Dangerous to use anything other than sprintf() to do the mathematical part given so many corner cases. Given various rounding modes, FLT_EVAL_METHOD, etc., leave the heavy coding to well established functions.
When an attempt is too long by more than 1 character, iterations can be saved. E.g. If an attempt, with precision 14, resulted with a width of 20, no need to try precision 13 and 12, just go to 11.
Scaling of the exponent due to the removal of the '.', must be done after sprintf() to 1) avoid injecting computational error 2) decrementing a double to below its minimum exponent.
Maximum relative error is less than 1 part in 2,000,000,000 as with -1.00000000049999e-200. Average relative error about 1 part in 50,000,000,000.
14 digit precision, the highest, occurs with numbers like 12345678901234e1 so start with 16-2 digits.

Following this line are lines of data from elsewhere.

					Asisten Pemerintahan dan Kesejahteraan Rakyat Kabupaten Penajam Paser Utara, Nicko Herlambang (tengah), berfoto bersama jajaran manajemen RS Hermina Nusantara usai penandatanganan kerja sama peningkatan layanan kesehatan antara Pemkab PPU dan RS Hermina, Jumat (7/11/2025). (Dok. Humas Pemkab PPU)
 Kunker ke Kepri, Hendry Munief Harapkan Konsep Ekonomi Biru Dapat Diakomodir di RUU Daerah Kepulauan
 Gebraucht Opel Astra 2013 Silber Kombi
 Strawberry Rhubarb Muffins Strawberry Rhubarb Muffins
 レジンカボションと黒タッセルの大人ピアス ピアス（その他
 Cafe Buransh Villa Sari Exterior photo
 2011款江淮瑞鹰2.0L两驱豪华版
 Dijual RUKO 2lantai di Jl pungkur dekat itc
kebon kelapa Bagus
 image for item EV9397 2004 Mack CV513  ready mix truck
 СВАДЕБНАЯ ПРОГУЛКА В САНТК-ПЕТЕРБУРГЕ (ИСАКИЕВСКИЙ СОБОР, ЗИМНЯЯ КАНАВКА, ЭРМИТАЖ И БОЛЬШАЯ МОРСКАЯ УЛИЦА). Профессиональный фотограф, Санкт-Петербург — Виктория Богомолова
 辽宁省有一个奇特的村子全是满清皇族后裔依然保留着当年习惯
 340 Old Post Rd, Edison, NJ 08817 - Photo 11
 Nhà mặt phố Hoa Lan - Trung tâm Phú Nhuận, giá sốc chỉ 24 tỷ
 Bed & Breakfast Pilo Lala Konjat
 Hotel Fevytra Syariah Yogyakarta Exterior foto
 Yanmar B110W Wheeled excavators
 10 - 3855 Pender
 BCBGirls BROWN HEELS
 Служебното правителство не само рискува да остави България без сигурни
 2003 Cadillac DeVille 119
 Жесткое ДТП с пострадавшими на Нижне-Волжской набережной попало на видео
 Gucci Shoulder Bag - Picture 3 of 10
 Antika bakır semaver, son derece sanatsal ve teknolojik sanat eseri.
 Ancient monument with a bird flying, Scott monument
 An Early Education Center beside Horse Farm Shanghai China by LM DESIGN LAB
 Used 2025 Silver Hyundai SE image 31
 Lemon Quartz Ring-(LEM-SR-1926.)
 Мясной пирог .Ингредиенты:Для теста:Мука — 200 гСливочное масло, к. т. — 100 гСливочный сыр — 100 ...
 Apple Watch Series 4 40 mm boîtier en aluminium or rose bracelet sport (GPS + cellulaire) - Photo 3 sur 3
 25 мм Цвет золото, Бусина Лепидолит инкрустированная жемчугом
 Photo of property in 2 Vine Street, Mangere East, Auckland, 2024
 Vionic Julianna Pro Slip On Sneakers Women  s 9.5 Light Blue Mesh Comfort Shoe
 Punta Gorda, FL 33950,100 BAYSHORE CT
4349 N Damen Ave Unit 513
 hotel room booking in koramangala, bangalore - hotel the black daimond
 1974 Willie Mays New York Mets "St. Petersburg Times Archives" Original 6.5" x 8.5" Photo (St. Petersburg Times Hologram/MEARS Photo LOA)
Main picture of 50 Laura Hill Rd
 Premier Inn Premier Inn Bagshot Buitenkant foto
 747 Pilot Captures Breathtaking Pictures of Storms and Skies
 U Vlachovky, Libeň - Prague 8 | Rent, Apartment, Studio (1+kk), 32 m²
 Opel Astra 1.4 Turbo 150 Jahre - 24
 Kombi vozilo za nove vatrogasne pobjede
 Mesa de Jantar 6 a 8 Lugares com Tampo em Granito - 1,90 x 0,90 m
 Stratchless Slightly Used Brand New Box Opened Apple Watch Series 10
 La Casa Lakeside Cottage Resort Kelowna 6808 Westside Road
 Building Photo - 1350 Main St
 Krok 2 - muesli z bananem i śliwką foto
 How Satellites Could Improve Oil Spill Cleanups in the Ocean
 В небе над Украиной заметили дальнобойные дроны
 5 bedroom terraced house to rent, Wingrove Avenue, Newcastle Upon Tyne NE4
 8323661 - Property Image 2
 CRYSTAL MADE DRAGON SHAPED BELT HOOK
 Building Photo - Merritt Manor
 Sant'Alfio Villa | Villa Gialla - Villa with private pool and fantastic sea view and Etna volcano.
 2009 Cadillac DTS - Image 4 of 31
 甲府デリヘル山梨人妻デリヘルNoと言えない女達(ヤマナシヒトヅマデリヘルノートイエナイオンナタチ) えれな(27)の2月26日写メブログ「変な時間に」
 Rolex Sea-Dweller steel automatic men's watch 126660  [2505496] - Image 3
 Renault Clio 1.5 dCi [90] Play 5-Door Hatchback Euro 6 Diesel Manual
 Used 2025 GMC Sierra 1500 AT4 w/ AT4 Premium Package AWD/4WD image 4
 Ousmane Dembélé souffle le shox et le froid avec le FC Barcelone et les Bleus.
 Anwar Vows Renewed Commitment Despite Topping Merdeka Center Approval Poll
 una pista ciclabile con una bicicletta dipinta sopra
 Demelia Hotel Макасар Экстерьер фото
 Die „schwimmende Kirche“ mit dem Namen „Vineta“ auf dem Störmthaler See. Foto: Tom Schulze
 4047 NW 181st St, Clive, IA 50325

static size_t shrink(char *fp_buffer) {
int lead, expo;
long long mant;
int n0, n1;
int n = sscanf(fp_buffer, "%d.%n%lld%ne%d", &lead, &n0, &mant, &n1, &expo);
assert(n == 3);
return sprintf(fp_buffer, "%d%0*llde%d", lead, n1 - n0, mant,
expo - (n1 - n0));
}
int x16printf(char *dest, size_t width, double value) {
if (!isfinite(value)) return 1;
if (width < 5) return 2;
if (signbit(value)) {
value = -value;
strcpy(dest++, "-");
width--;
}
int precision = width - 2;
while (precision > 0) {
char buffer[width + 10];
// %.*e prints 1 digit, '.' and then `precision - 1` digits
snprintf(buffer, sizeof buffer, "%.*e", precision - 1, value);
size_t n = shrink(buffer);
if (n <= width) {
strcpy(dest, buffer);
return 0;
}
if (n > width + 1) precision -= n - width - 1;
else precision--;
}
return 3;
}
Test code
double rand_double(void) {
union {
double d;
unsigned char uc[sizeof(double)];
} u;
do {
for (size_t i = 0; i < sizeof(double); i++) {
u.uc[i] = rand();
}
} while (!isfinite(u.d));
return u.d;
}
void x16printf_test(double value) {
printf("%-27.*e", 17, value);
char buf[16+1];
buf[0] = 0;
int y = x16printf(buf, sizeof buf - 1, value);
printf(" %d\n", y);
printf("'%s'\n", buf);
}
int main(void) {
for (int i = 0; i < 10; i++)
x16printf_test(rand_double());
}
Output
-1.55736829786841915e+118 0
'-15573682979e108'
-3.06117209691283956e+125 0
'-30611720969e115'
8.05005611774356367e+175 0
'805005611774e164'
-1.06083057094522472e+132 0
'-10608305709e122'
3.39265065244054607e-209 0
'33926506524e-219'
-2.36818580315246204e-244 0
'-2368185803e-253'
7.91188576978592497e+301 0
'791188576979e290'
-1.40513111051994779e-53 0
'-14051311105e-63'
-1.37897140950449389e-14 0
'-13789714095e-24'
-2.15869805640288206e+125 0
'-21586980564e115'
For finite floating point values the printf() format specifier "%e" well matches
"A floating point number shall be ... with an "E" or "e" to indicate the start of the exponent"
[−]d.ddd...ddde±dd
The sign is present with negative numbers and likely -0.0. The exponent is at least 2 digits.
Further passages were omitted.